Through the line with "Banx cartoon of" and starting from the first line, return the records below word for word, with pictures left out.

• INPUT

=== Begin Enclosure ===

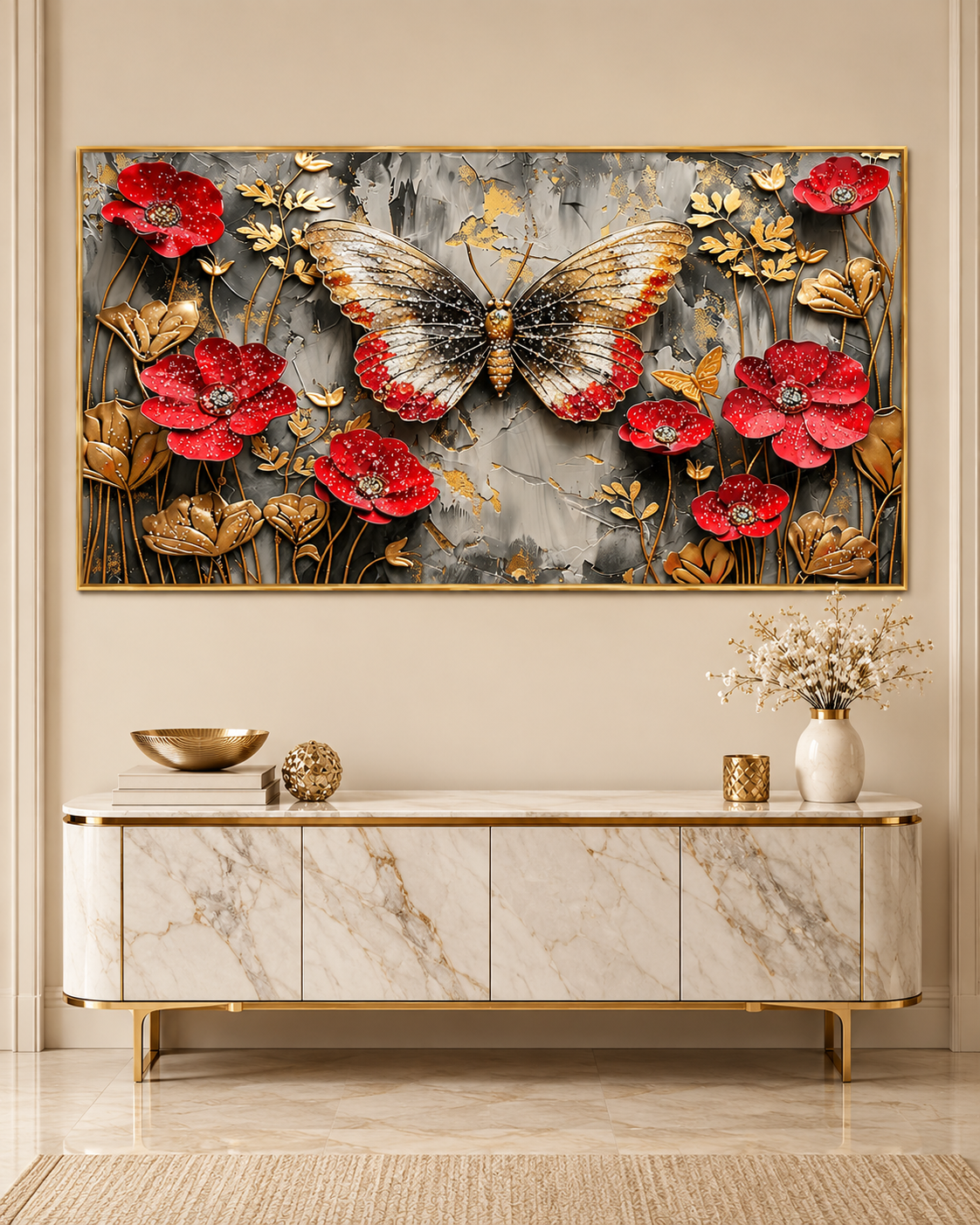 Red Bloom Butterfly Crystal Glass Framed Wall Paintings For Home & Wall Decoration items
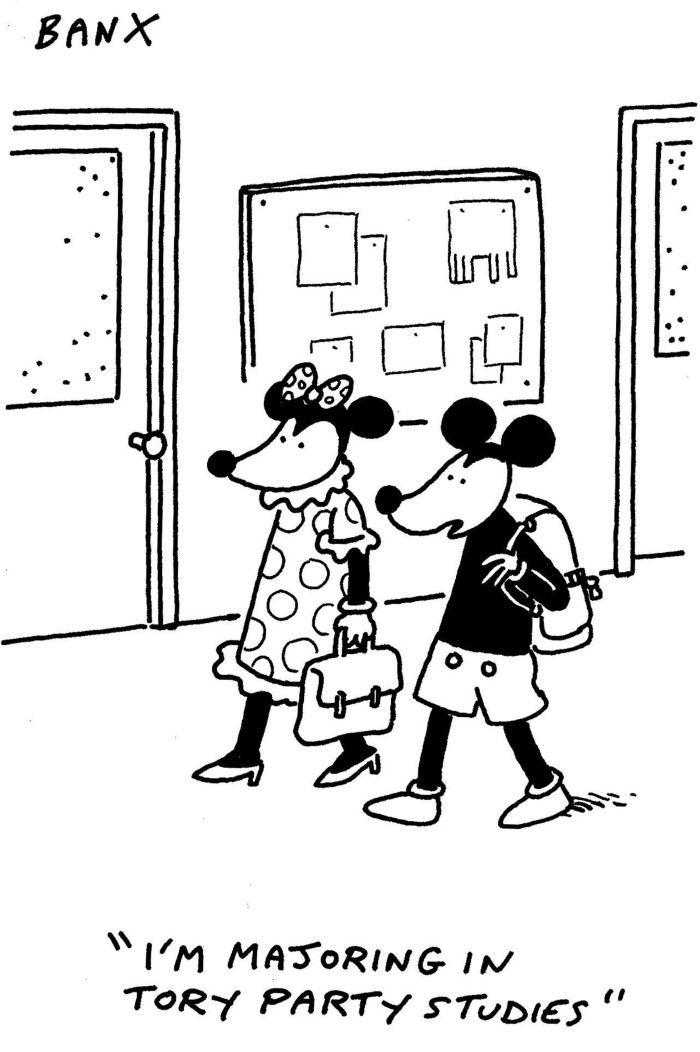 Banx cartoon of two mouse characters walking down a school hallway, with one saying, ‘I’m majoring in Tory party studies’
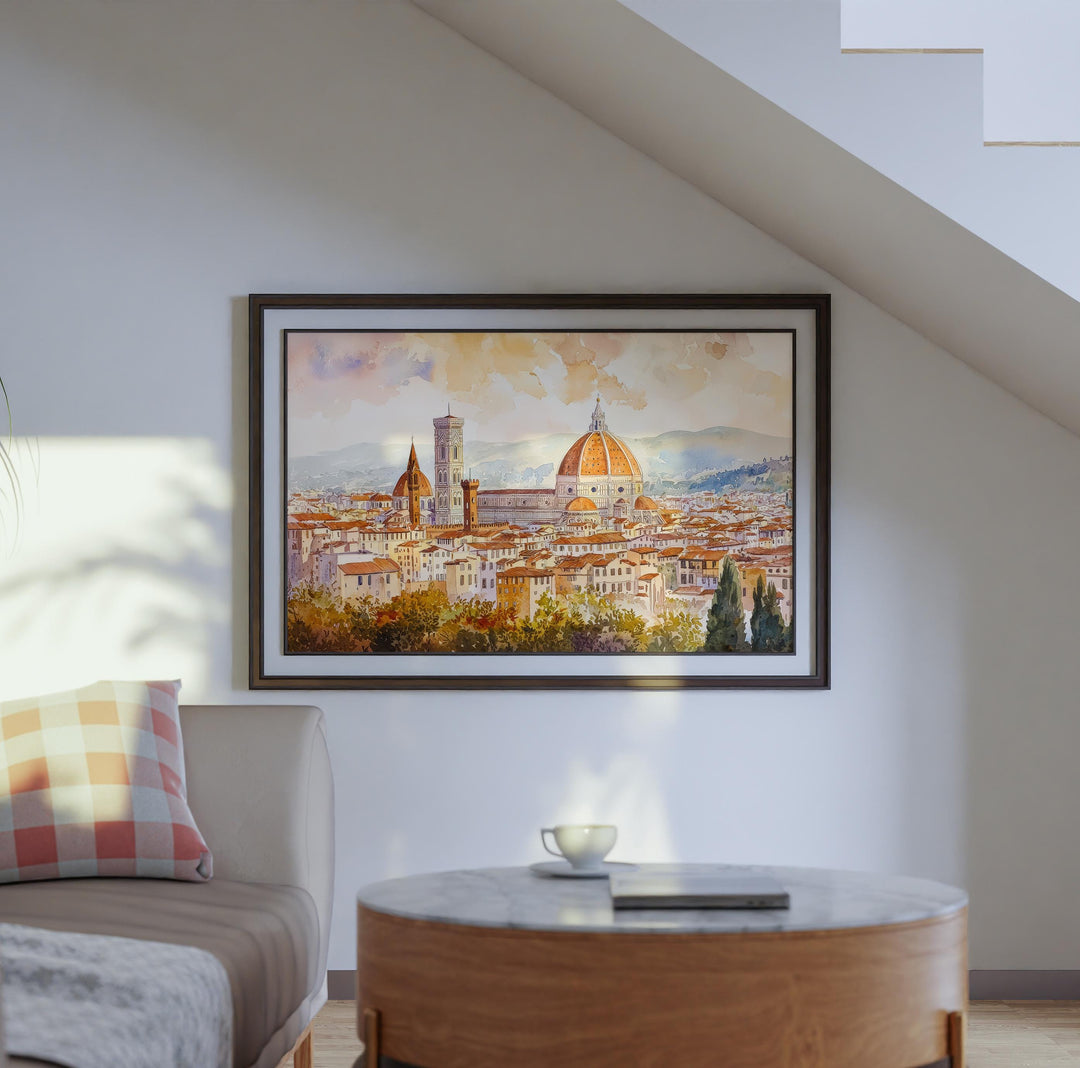 Florence Watercolor Poster Landscape Wall Art Florence Wall Hanging Home Décor Florence Gift Art Lovers Italy Wall Art
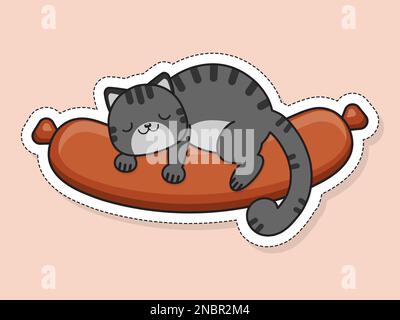 Die graue Katze schläft auf einer Wurst. Vektoraufkleber. Stock Vektor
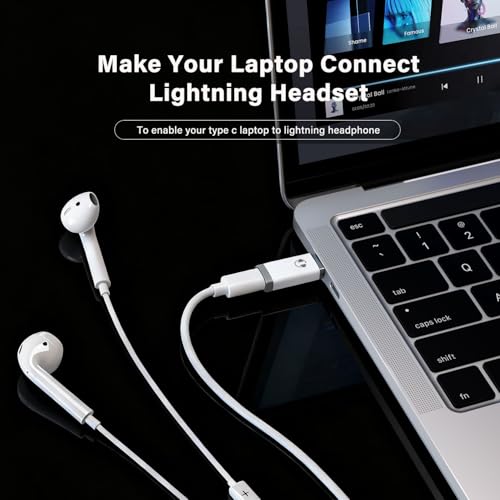 NICE BUDDY Type-C to Lightning Audio Adapter for iPhone 15-17, White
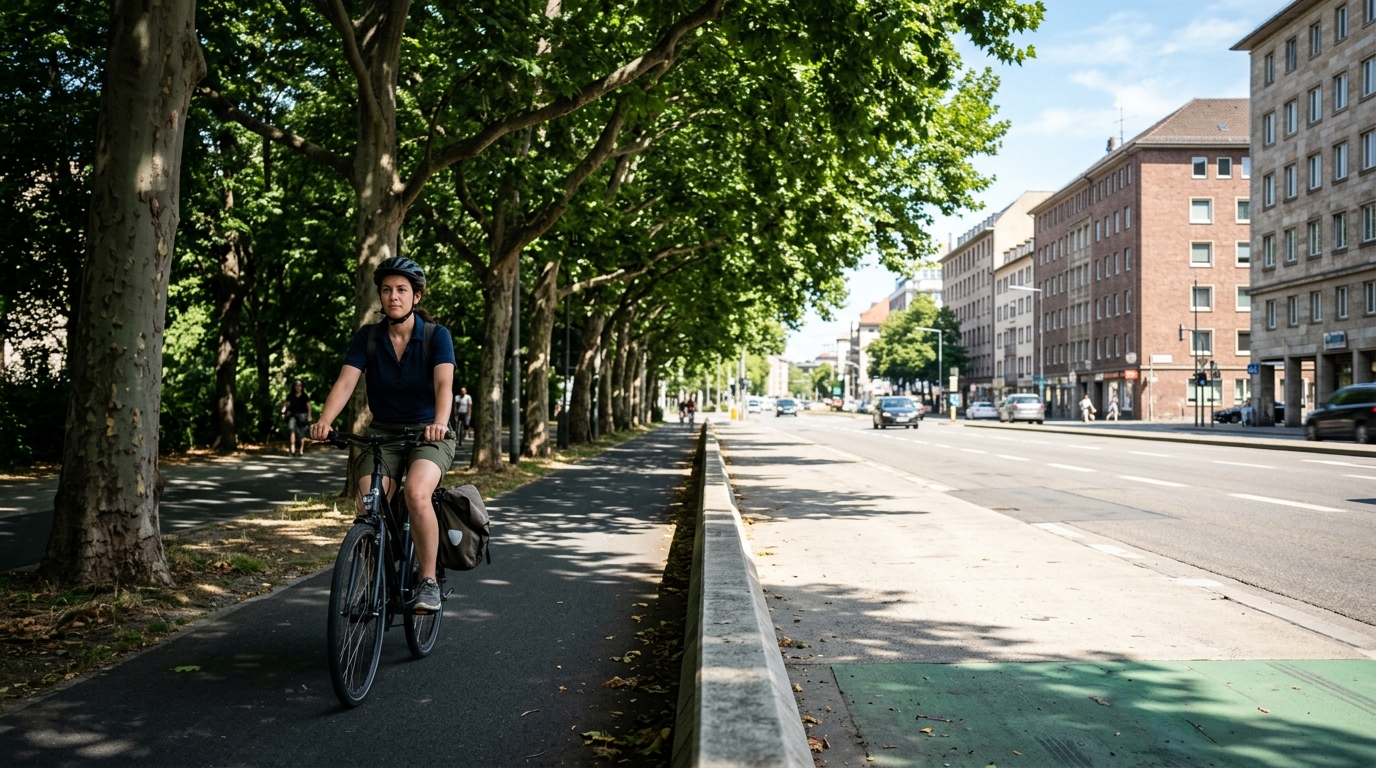 Cyclist riding beneath tree shade on a protected city bike lane during hot weather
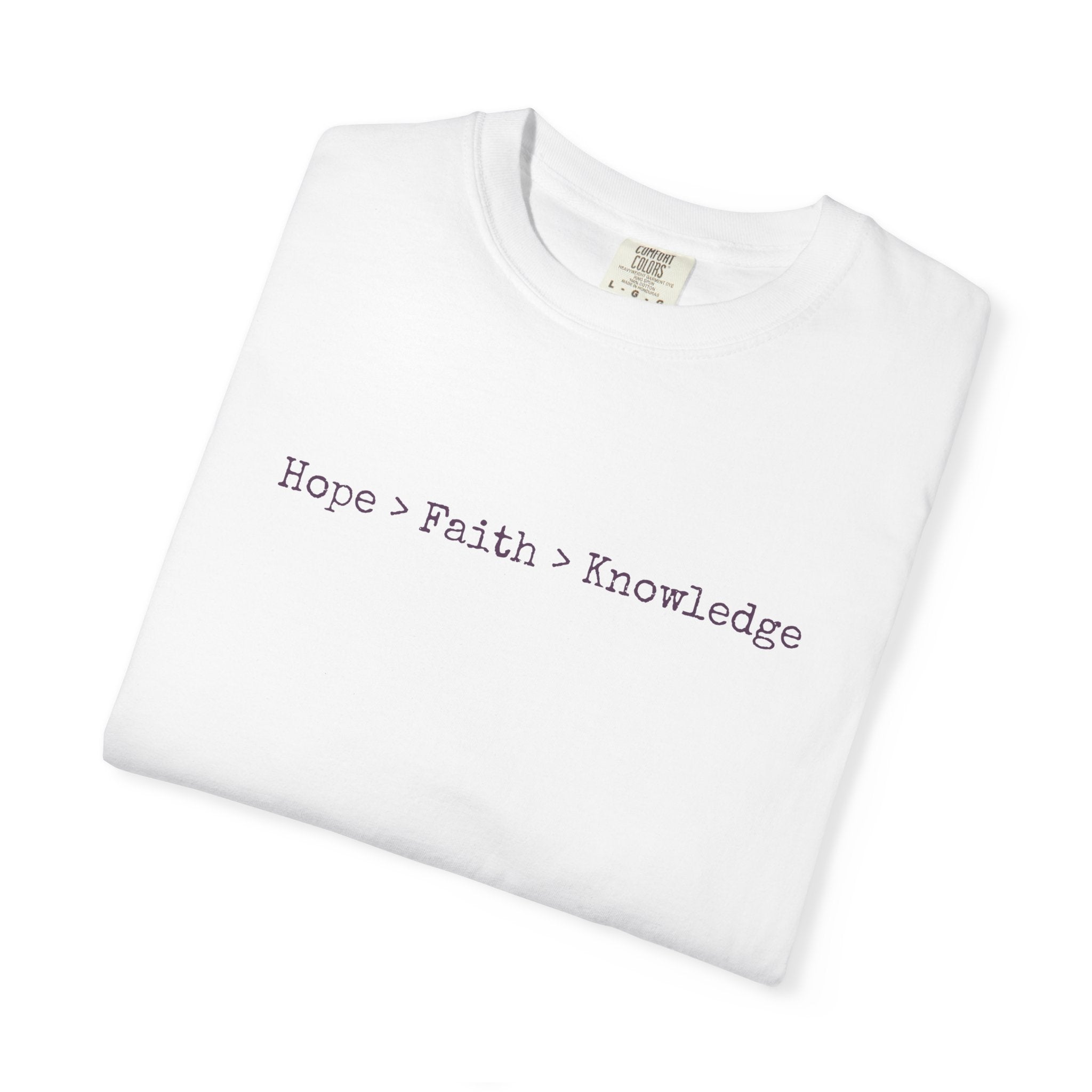 Hope • Faith • Knowledge Minimalist White T-Shirt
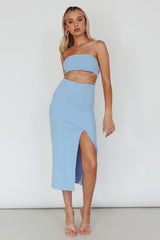 Nohemi Strapless Diamante Midi Dress Blue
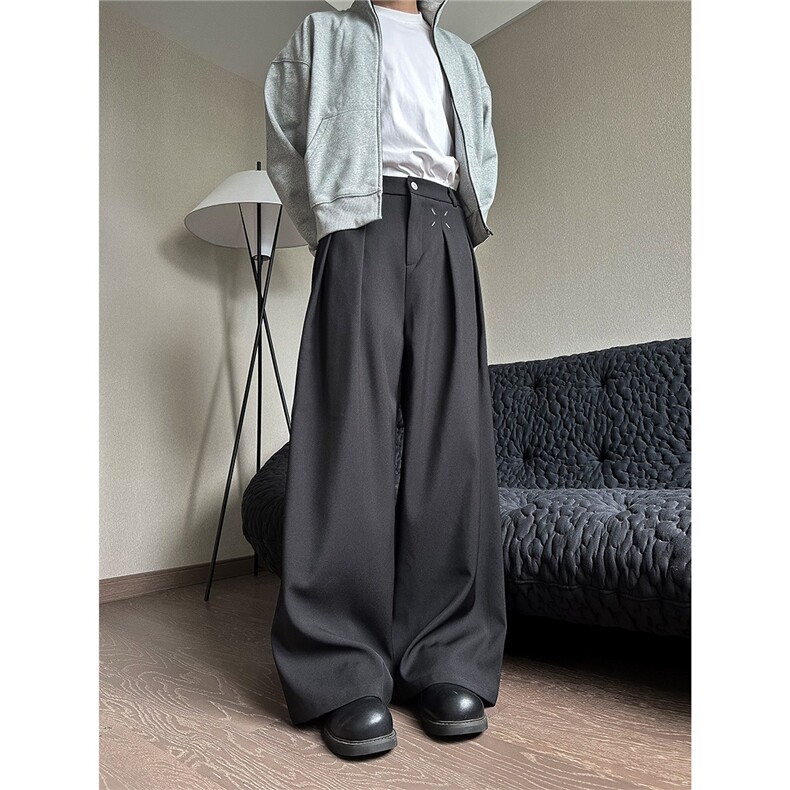 意式那不勒斯西裤垂坠感高级感高个子加长裤子男款阔腿拖地弯刀裤，男装西裤，星座506A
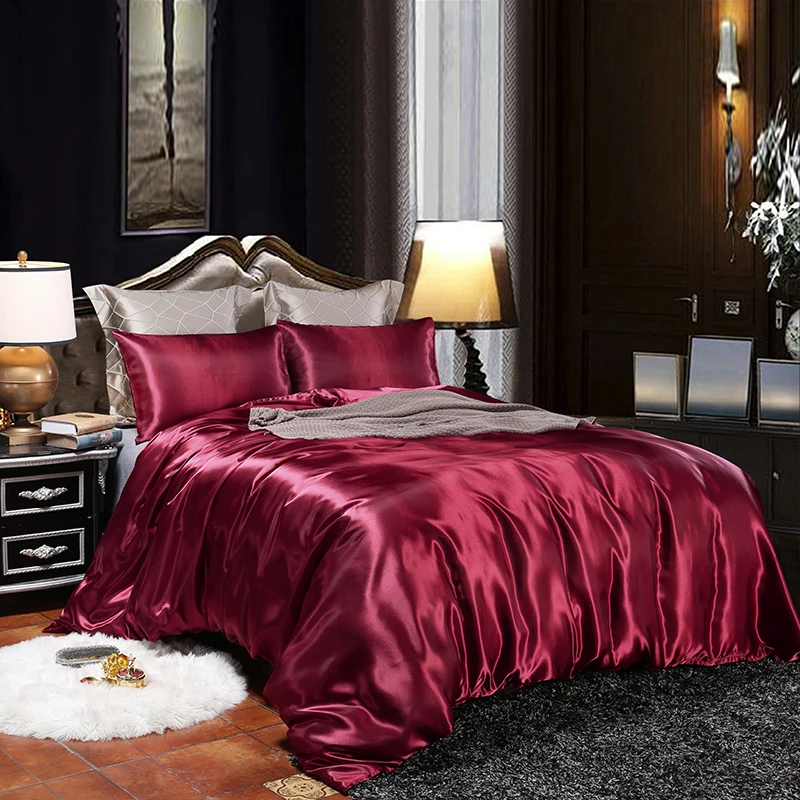 Роскошное шелковое постельное белье как сатин комплект из 3 предметов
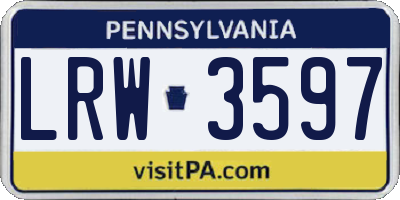 PA license plate LRW3597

=== End Enclosure ===

• ANSWER TO THE EXERCISE
 Red Bloom Butterfly Crystal Glass Framed Wall Paintings For Home & Wall Decoration items
 Banx cartoon of two mouse characters walking down a school hallway, with one saying, ‘I’m majoring in Tory party studies’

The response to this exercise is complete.